Highlights & Insights¶
- The cross-design of the three strategies is highly ingenious: Creation controls privacy + balances emotion, Donation provides authenticity + balances emotion, and Recent provides authenticity + eliminates prompting bias. Their complementarity reveals issues across different dimensions.
- The conclusion "training on created data generalizes, but evaluation must use real data" has broad practical guidance, applicable to any NLP task involving subjective annotations.
- The introduction of cognitive appraisal dimensions from psychology ensures that the difference analysis goes beyond surface-level features, probing deep into the levels of cognitive processing.
Limitations & Future Work¶
- The study is limited to English and UK/Ireland cultural backgrounds; cross-cultural generalizability remains unknown.
- The Recent dataset is small and heavily biased towards joy (79%), making it unsuitable for training and testing.
- Images were only selected from Flickr (Creation), which fails to reflect all types of real social media images (e.g., screenshots, memes).
- The study does not explore how to mix data collected from different strategies to train more robust models.
- In Creation, participants selected images from Flickr instead of uploading their own, which may introduce additional bias (as database image styles are uniform).

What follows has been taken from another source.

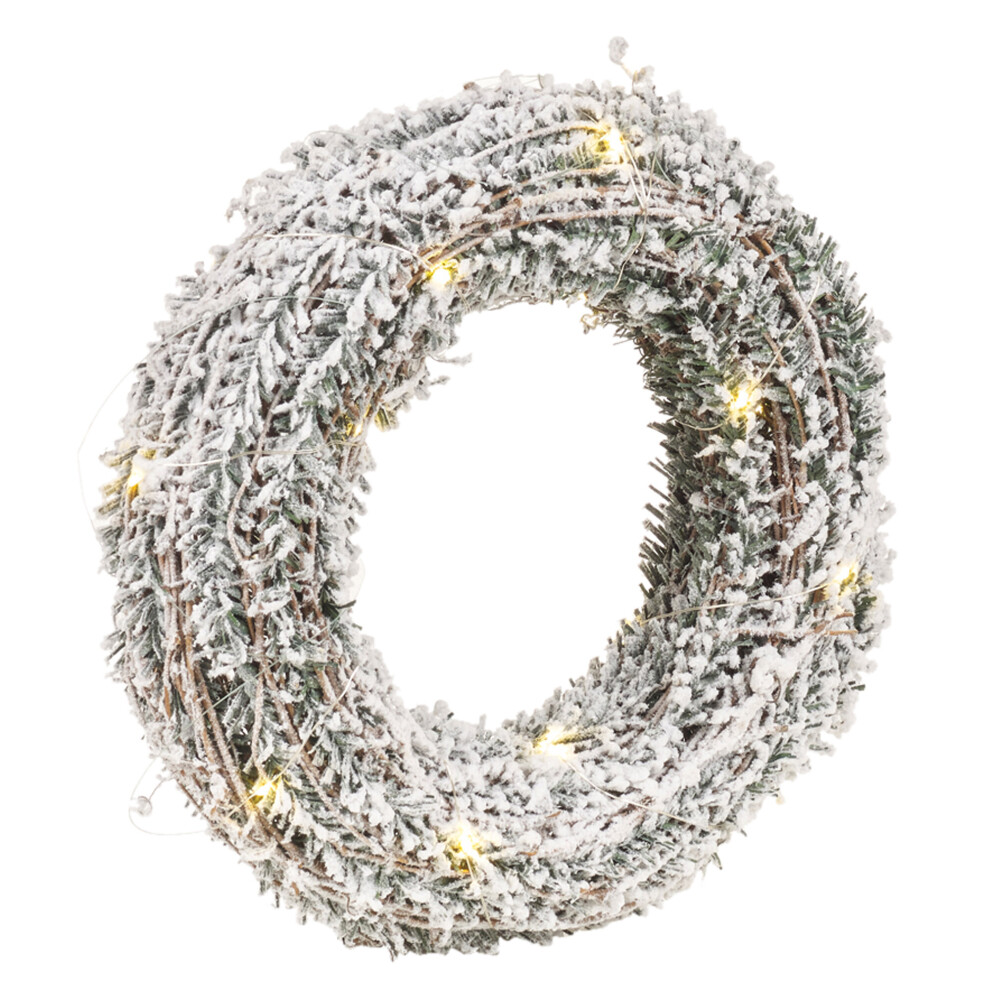 (Rattan with Snowy Faux Pine, 30cm) LED Snowy Christmas Wall Door Wreath 30 40cm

- Emotion classification only covers Ekman's 6 basic emotions, leaving more fine-grained emotion taxonomies unaddressed.
Related Work & Insights¶
- vs Troiano et al. (2023): While the former only collected textual created data, this work extends to multimodal context and adds comparisons with real-world data, revealing key differences in image-text relations.
- vs Oprea & Magdy (2020): They explored data donation methods for irony detection, whereas this work systematically compares the advantages and disadvantages of donation versus creation, finding significant differences in participant demographics as well.
- vs Kajiwara et al. (2021): Also utilizing author annotation, but this work introduces the recent posts strategy to eliminate emotion prompting bias.
- The methodological framework of this paper (collection + multi-dimensional analysis + cross train-test evaluation) can be directly transferred to other subjective annotation tasks, such as stance detection and hate speech annotation.
Rating¶
- Overall Evaluation: A solid yet important empirical study with direct guiding significance for future emotion corpus construction.
- Novelty: ⭐⭐⭐⭐ The experimental design systematically comparing three strategies is novel and comprehensive.
- Experimental Thoroughness: ⭐⭐⭐⭐⭐ The analysis across five dimensions is thorough, and the statistical testing is rigorous.
- Writing Quality: ⭐⭐⭐⭐ Clear structure and rich with tables and statistics.
- Value: ⭐⭐⭐⭐ High practical guidance value for emotion data collection.